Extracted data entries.
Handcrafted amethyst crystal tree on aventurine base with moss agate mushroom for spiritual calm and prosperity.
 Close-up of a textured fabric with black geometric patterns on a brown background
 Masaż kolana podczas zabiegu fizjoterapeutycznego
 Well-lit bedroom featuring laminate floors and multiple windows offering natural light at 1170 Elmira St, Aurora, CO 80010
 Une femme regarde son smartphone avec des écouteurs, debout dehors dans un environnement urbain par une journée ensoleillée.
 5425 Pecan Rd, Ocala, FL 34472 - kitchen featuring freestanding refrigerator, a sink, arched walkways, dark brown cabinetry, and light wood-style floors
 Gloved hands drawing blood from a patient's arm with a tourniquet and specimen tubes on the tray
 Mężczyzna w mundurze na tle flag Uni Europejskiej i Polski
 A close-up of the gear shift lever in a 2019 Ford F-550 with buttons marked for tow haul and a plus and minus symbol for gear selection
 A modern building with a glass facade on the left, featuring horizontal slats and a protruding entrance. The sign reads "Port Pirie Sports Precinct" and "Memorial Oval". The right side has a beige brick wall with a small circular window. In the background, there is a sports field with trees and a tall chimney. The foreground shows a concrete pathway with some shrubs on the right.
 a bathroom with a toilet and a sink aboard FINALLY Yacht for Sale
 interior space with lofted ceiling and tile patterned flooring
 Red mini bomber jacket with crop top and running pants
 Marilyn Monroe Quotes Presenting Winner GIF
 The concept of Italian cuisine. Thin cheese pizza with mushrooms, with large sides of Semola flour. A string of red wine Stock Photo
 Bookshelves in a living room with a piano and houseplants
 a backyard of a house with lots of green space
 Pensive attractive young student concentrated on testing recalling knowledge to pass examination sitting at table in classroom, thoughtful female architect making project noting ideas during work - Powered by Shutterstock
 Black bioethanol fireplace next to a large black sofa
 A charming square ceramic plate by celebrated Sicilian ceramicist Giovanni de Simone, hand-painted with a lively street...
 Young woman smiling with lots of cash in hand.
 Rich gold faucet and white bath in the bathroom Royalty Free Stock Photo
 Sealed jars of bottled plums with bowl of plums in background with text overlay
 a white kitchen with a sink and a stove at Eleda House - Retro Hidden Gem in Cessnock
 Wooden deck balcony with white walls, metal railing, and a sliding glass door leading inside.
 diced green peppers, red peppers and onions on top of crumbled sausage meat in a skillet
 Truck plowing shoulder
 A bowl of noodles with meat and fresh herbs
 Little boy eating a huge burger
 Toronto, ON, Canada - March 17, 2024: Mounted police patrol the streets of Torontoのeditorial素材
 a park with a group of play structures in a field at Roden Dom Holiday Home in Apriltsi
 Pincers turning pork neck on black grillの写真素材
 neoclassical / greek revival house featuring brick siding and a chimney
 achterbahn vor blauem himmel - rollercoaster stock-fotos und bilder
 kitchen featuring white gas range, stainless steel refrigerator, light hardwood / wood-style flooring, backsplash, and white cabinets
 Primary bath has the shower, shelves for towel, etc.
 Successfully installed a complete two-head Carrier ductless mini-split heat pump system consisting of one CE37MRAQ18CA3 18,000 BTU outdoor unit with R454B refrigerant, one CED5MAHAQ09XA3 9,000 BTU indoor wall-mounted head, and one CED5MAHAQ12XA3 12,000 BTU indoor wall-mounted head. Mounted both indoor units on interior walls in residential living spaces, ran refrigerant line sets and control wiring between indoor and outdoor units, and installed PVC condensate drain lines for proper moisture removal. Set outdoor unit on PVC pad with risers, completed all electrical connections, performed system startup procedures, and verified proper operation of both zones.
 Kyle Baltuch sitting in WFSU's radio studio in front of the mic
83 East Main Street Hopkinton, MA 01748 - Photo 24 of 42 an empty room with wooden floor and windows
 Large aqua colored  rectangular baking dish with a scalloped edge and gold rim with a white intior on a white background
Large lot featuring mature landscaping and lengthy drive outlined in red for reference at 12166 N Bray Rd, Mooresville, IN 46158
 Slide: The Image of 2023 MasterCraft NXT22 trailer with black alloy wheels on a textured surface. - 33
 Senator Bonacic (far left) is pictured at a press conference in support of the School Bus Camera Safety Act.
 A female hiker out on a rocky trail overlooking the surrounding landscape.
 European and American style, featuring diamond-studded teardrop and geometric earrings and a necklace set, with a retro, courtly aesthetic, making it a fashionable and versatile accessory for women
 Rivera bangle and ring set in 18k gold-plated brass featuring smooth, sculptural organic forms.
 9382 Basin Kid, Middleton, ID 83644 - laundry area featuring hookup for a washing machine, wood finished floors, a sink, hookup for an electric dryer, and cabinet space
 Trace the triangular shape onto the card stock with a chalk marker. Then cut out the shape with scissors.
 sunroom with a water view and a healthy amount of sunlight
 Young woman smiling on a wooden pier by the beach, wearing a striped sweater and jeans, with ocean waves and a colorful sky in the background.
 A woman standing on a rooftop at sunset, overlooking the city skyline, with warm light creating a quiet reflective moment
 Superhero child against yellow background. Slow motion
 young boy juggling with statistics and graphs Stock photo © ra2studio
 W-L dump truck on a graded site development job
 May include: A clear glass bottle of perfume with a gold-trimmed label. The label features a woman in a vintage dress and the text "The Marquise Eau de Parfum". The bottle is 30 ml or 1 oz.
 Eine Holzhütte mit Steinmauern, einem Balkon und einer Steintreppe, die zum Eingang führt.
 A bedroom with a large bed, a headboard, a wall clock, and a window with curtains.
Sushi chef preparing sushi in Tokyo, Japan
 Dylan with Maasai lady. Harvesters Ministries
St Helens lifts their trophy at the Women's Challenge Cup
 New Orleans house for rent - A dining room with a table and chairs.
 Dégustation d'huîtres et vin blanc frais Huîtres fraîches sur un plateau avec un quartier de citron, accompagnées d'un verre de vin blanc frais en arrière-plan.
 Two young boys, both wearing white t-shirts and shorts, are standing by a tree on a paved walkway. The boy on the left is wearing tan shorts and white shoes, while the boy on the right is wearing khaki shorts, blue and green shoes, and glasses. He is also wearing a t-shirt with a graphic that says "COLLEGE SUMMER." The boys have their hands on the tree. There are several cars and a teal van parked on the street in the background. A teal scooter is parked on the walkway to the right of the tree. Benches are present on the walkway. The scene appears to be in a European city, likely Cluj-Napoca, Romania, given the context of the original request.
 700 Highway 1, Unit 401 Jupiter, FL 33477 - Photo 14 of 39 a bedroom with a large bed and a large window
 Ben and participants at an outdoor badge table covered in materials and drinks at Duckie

Problem to solve.
Where a line of the entries above holds the word "field", return that line.

Response to the exercise.
 A modern building with a glass facade on the left, featuring horizontal slats and a protruding entrance. The sign reads "Port Pirie Sports Precinct" and "Memorial Oval". The right side has a beige brick wall with a small circular window. In the background, there is a sports field with trees and a tall chimney. The foreground shows a concrete pathway with some shrubs on the right.
 a park with a group of play structures in a field at Roden Dom Holiday Home in Apriltsi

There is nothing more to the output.